▶ _Prompt_:
Starting at the top of the entries below, print each line exactly until the line with "Haikyu!! Nendoroid Action" has been printed too.
(Source material Opens)
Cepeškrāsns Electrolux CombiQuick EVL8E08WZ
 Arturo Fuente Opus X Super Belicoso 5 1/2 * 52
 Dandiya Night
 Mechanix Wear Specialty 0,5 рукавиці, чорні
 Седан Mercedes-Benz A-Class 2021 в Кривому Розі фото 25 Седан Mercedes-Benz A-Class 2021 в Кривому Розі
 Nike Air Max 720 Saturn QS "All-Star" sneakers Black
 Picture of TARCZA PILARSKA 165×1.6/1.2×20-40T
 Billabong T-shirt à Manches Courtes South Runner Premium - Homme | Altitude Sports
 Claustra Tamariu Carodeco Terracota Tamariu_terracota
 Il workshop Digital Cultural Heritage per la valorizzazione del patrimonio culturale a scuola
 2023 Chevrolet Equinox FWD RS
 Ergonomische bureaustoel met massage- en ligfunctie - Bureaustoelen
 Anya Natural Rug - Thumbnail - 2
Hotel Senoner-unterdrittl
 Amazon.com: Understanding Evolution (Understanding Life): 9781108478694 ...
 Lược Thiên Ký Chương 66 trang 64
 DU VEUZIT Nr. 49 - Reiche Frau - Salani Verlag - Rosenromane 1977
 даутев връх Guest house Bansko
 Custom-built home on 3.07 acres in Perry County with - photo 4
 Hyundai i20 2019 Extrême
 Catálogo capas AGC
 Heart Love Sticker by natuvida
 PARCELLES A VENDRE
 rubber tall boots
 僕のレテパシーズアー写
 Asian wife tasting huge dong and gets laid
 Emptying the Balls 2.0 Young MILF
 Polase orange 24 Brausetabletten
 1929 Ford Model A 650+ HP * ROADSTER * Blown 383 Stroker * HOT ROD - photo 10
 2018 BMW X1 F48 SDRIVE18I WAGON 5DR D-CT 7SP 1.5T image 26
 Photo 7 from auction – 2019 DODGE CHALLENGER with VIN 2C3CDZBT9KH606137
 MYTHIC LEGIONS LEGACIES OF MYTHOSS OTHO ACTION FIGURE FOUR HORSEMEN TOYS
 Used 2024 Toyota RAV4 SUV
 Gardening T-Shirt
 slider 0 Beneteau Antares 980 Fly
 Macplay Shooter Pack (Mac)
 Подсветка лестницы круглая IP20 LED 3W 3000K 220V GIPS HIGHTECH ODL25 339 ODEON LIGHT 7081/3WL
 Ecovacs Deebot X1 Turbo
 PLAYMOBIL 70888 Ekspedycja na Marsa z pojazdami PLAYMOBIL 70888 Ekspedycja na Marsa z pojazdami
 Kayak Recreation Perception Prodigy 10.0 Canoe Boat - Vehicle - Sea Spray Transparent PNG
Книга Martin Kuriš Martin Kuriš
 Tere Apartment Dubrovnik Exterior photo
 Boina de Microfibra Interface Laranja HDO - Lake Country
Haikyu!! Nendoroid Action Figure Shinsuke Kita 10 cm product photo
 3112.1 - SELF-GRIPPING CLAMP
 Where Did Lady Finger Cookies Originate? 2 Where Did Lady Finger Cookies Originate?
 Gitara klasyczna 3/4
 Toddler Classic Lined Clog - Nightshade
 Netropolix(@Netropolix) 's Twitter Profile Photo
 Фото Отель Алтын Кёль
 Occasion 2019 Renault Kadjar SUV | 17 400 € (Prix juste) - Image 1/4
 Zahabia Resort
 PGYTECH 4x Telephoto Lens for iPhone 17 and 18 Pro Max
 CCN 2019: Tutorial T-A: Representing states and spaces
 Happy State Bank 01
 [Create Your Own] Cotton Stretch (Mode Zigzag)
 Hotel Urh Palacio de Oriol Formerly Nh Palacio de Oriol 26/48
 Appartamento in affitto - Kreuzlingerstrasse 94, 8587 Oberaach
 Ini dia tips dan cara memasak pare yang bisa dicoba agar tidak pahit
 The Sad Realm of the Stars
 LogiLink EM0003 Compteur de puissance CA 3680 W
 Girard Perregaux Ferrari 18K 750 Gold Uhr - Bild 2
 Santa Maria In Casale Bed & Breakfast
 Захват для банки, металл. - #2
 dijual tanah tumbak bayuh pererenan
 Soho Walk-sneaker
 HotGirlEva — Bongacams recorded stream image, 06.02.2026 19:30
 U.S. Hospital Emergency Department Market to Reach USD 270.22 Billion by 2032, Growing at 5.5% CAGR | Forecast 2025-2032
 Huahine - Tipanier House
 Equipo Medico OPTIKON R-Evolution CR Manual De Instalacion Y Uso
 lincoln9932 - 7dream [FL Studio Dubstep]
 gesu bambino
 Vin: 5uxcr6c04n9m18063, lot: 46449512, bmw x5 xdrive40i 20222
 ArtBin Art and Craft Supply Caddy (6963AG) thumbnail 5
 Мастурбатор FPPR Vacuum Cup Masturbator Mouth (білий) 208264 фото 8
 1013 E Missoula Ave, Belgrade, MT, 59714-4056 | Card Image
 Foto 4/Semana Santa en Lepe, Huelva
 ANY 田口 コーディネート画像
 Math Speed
(Source material Closes)
▶ _Task response_:
Cepeškrāsns Electrolux CombiQuick EVL8E08WZ
 Arturo Fuente Opus X Super Belicoso 5 1/2 * 52
 Dandiya Night
 Mechanix Wear Specialty 0,5 рукавиці, чорні
 Седан Mercedes-Benz A-Class 2021 в Кривому Розі фото 25 Седан Mercedes-Benz A-Class 2021 в Кривому Розі
 Nike Air Max 720 Saturn QS "All-Star" sneakers Black
 Picture of TARCZA PILARSKA 165×1.6/1.2×20-40T
 Billabong T-shirt à Manches Courtes South Runner Premium - Homme | Altitude Sports
 Claustra Tamariu Carodeco Terracota Tamariu_terracota
 Il workshop Digital Cultural Heritage per la valorizzazione del patrimonio culturale a scuola
 2023 Chevrolet Equinox FWD RS
 Ergonomische bureaustoel met massage- en ligfunctie - Bureaustoelen
 Anya Natural Rug - Thumbnail - 2
Hotel Senoner-unterdrittl
 Amazon.com: Understanding Evolution (Understanding Life): 9781108478694 ...
 Lược Thiên Ký Chương 66 trang 64
 DU VEUZIT Nr. 49 - Reiche Frau - Salani Verlag - Rosenromane 1977
 даутев връх Guest house Bansko
 Custom-built home on 3.07 acres in Perry County with - photo 4
 Hyundai i20 2019 Extrême
 Catálogo capas AGC
 Heart Love Sticker by natuvida
 PARCELLES A VENDRE
 rubber tall boots
 僕のレテパシーズアー写
 Asian wife tasting huge dong and gets laid
 Emptying the Balls 2.0 Young MILF
 Polase orange 24 Brausetabletten
 1929 Ford Model A 650+ HP * ROADSTER * Blown 383 Stroker * HOT ROD - photo 10
 2018 BMW X1 F48 SDRIVE18I WAGON 5DR D-CT 7SP 1.5T image 26
 Photo 7 from auction – 2019 DODGE CHALLENGER with VIN 2C3CDZBT9KH606137
 MYTHIC LEGIONS LEGACIES OF MYTHOSS OTHO ACTION FIGURE FOUR HORSEMEN TOYS
 Used 2024 Toyota RAV4 SUV
 Gardening T-Shirt
 slider 0 Beneteau Antares 980 Fly
 Macplay Shooter Pack (Mac)
 Подсветка лестницы круглая IP20 LED 3W 3000K 220V GIPS HIGHTECH ODL25 339 ODEON LIGHT 7081/3WL
 Ecovacs Deebot X1 Turbo
 PLAYMOBIL 70888 Ekspedycja na Marsa z pojazdami PLAYMOBIL 70888 Ekspedycja na Marsa z pojazdami
 Kayak Recreation Perception Prodigy 10.0 Canoe Boat - Vehicle - Sea Spray Transparent PNG
Книга Martin Kuriš Martin Kuriš
 Tere Apartment Dubrovnik Exterior photo
 Boina de Microfibra Interface Laranja HDO - Lake Country
Haikyu!! Nendoroid Action Figure Shinsuke Kita 10 cm product photo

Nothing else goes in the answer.